Option 2: Enable dynamic shape capture

If you need the actual dynamic-shape behaviour inside compiled code, enable it globally:

import torch._dynamo.config
torch._dynamo.config.capture_dynamic_output_shape_ops = True

import torch.nn as nn
model = nn.Identity()

@torch.compile(backend="inductor", fullgraph=True)
def forward(x):
    f = err.new(x)
    out = model(x)
    # Now take_ok(), take_err(), partition() work inside compiled code
    ok_out = err.take_ok(f, out)
    return ok_out

Trade-off: May reduce optimisation opportunities and increase compile time.

Option 3: Use at Python boundary only

Keep dynamic-shape operations outside compiled regions:

import torch.nn as nn
model = nn.Identity()

@torch.compile(backend="inductor", fullgraph=True)
def compiled_forward(x):
    f = err.new(x)
    out = model(x)
    # Use static-shape ops inside compiled region
    return out, f

# Dynamic shapes fine outside compile
out, f = compiled_forward(x)
ok_out = err.take_ok(f, out)

Method	Shape	`torch.compile`	Use Case
`take_ok(f, z)`	Dynamic	No (unless enabled)	Python boundary
`take_err(f, z)`	Dynamic	No (unless enabled)	Python boundary
`partition(f, z)`	Dynamic	No (unless enabled)	Python boundary
`take_ok_p(f, z, fill)`	Static	Yes	Inside compiled code
`take_err_p(f, z, fill)`	Static	Yes	Inside compiled code
`map_ok(f, z, fn)`	Static	Yes	Inside compiled code
`map_err(f, z, fn)`	Static	Yes	Inside compiled code

Slot Inspection

Method	Description
`err.get_first_code(f)`	Get code from slot 0
`err.get_first_location(f)`	Get location from slot 0
`err.get_first_severity(f)`	Get severity from slot 0
`err.clear(f, code)`	Remove specific error code

Core API – flags Namespace (Python Boundary)

The flags namespace provides inspection and debugging methods.
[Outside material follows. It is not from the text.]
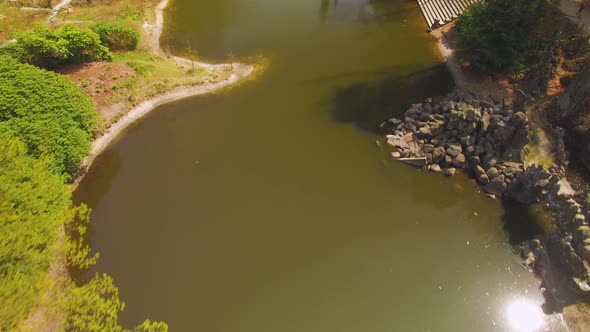 Drone footage of a small lake in kromlauer park, Germany with a beautifully designed cemented foot b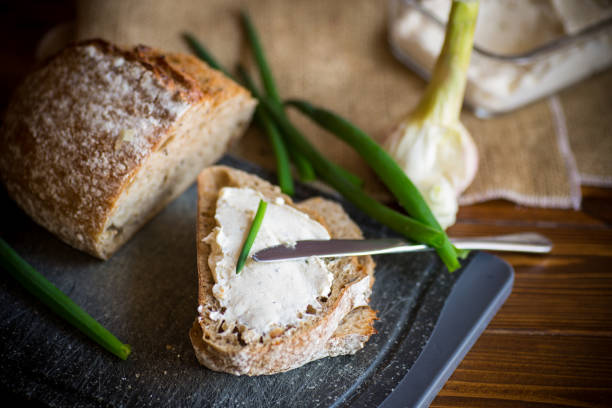 istock Homemade buckwheat bread with garlic cheese spread 1311457878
NOT for use inside compiled regions. These functions return Python values and will introduce graph breaks if used inside torch.compile regions.

Method	Description
`flags.unpack(f, sample_idx)`	Unpack errors for one sample
`flags.unpack_all(f)`	Unpack errors for all samples (vectorized)
`flags.repr(f)`	Pretty string representation
`flags.summary(f)`	Dict of `{location: {code: count}}`

Classes:

Class	Description
`ErrorFlags`	Static methods for flag inspection
`UnpackedError`	NamedTuple with `severity`, `code`, `location`, `*_name` fields

if has_err(f):
    print(flags.repr(f))
    # ErrorFlags(32 samples, 5 errors: 3xNAN @ encoder, 2xINF @ output)
    
    summary = flags.summary(f)
    # {'encoder': {'NAN': 3}, 'output': {'INF': 2}}
    
    errors = flags.unpack(f, sample_idx=0)
    for e in errors:
        print(f"{e.code_name} at {e.location_name}")

Helper Functions

Convenience functions with auto-location resolution.
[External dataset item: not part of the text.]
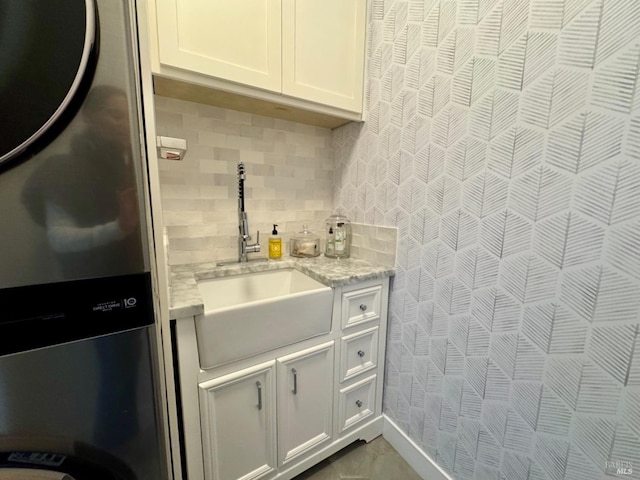 kitchen featuring tasteful backsplash, light stone counters, refrigerator, white cabinetry, and a sink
All helper functions are implemented in terms of the err namespace. Detection/transformation helpers (flag_*, push, fix, find, etc.) return tensors and are safe inside torch.compile(fullgraph=True). Helpers that return Python values (like has_err(f)) are intended for the Python boundary and will cause graph breaks if used inside compiled regions.

Function	Description
`has_err(f)`	Python bool: any errors in batch? (boundary only)
`find(code, f)`	Per-sample mask for specific code
`push(f, code, module, where=...)`	Push with auto-location from module
`fix(z, f, module, fallback=0.0)`	Replace bad values, record `FALLBACK_VALUE`
`flag_nan(z, module, f)`	Detect NaN and record
`flag_inf(z, module, f)`	Detect Inf and record
`flag_nan_and_inf(z, module, f)`	Fused NaN+Inf detection (faster than separate calls)
`flag_oob_indices(ids, num_embeddings, module, f)`	Check index bounds

@tracked
class Model(nn.Module):
    def forward(self, x):
        f = err.new(x)
        
        out = self.layer(x)
        f = flag_nan(out, self.layer, f)
        f = flag_inf(out, self.layer, f)
        
        # Manual push with condition
        bad = (out.abs() > 1e6).any(dim=-1)
        f = push(f, err.OVERFLOW, self.layer, where=bad)
        
        # Fix and continue
        out, f = fix(out, f, self.layer, fallback=0.0)
        
        return out, f

Combinators (Advanced)

Applicative/monadic-style combinators, all torch.compile(fullgraph=True) compatible.

Value Transforms

Method	Description
`err.map_ok(f, z, fn)`	Apply `fn` to `z` for OK samples only
`err.map_err(f, z, fn)`	Apply `fn` to `z` for error samples only
`err.replace(t, value, targets)`	Replace NaN/Inf/specific values in tensor

# Normalise only clean samples
h = err.map_ok(f, h, lambda z: z / z.norm(dim=-1, keepdim=True))

# Zero out error samples
h = err.map_err(f, h, lambda z: torch.zeros_like(z))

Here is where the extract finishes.